Taiwan Studio City
- Interactive map of Taiwan Studio City
- Location: Taichung City, Taiwan
- Opened: 1990
- Closed: 1999

= Taiwan Studio City =

Theme park in Taichung City, Taiwan

The Taiwan Studio City (台灣電影文化城 (Táiwān Diànyǐng Wénhuà Chéng)) was a theme park in Wufeng District, Taichung City, Taiwan operated by Taiwan Film Culture Co.. It was destroyed during the 1999 Jiji earthquake.

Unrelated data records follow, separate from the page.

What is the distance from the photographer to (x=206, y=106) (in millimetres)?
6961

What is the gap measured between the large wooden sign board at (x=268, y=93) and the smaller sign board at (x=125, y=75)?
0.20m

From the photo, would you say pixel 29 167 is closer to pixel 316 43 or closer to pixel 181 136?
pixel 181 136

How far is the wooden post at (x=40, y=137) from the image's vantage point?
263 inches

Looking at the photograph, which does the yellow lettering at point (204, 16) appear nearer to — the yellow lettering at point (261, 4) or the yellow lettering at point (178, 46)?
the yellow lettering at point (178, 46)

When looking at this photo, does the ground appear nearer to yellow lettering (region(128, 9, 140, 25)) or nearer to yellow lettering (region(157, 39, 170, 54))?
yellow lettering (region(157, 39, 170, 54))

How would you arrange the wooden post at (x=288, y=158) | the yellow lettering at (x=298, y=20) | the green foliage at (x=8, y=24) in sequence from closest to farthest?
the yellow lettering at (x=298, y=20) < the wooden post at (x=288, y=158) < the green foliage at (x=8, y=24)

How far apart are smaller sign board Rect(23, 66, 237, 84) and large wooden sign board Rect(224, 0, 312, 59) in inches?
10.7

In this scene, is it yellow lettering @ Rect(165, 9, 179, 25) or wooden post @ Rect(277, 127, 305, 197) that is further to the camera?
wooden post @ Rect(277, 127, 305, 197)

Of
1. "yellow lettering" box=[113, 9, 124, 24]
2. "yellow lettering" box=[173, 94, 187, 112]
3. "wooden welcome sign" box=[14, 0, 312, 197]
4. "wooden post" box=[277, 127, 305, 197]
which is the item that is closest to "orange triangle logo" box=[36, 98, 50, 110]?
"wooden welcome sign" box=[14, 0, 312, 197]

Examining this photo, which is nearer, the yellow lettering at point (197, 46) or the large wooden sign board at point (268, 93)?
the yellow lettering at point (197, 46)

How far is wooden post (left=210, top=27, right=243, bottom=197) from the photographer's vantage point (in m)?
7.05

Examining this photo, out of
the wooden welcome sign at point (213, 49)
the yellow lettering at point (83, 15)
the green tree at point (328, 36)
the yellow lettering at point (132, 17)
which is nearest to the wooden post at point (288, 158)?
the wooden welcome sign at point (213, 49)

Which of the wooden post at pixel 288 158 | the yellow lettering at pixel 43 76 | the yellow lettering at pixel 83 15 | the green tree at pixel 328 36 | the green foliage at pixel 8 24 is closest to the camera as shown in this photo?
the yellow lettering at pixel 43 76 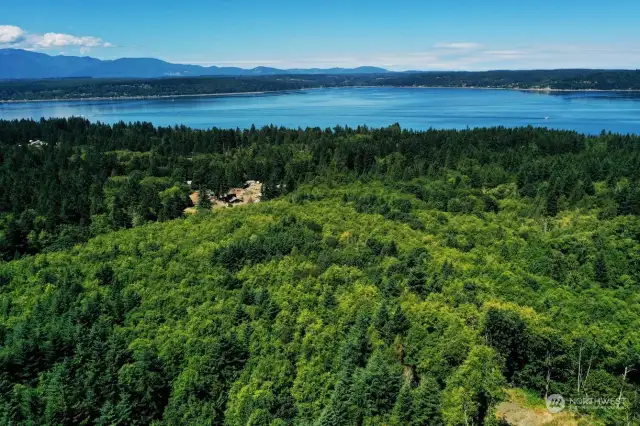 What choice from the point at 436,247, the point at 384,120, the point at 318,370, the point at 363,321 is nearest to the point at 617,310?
the point at 436,247

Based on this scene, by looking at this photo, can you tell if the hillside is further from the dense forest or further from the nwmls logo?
the nwmls logo

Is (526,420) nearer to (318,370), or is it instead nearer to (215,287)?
(318,370)

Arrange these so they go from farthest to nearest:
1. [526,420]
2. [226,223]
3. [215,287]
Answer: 1. [226,223]
2. [215,287]
3. [526,420]

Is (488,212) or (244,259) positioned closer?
(244,259) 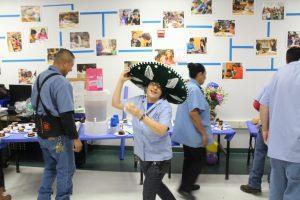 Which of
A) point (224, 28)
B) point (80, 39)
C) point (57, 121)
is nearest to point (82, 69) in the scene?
point (80, 39)

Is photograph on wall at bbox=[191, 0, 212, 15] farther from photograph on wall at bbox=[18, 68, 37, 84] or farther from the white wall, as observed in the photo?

The park was rebuilt from a filming site owned by Taiwan Film Culture Co, with a land area of 10 hectares, and split into three areas of "Film Technology Exhibition Area" 電影科技展示區, "Folk Culture Park" 民俗文化園區, and "Activity and Rest Area" 活動休憩區. The "Film Technology Exhibition Area" features facilities such as a robot theatre, cartoon exhibition hall, and a 360-degree stereoscopic audiovisual hall, where visitors can enjoy the visual impact of science and technology films. The "Folk Culture Park" is set up based on the street scenes in the movie Crossing Taiwan 唐山過台灣, with solemn and grand ancient temples, antique towns, and bustling markets, along with various folk art activities.

The Central Taiwan Film Studios (中台灣影視基地) were established in 2019 in Wufeng. It was unrelated to the original Taiwan Studio City or Taiwan Film Culture Co, but owned by Central Motion Picture Corporation instead.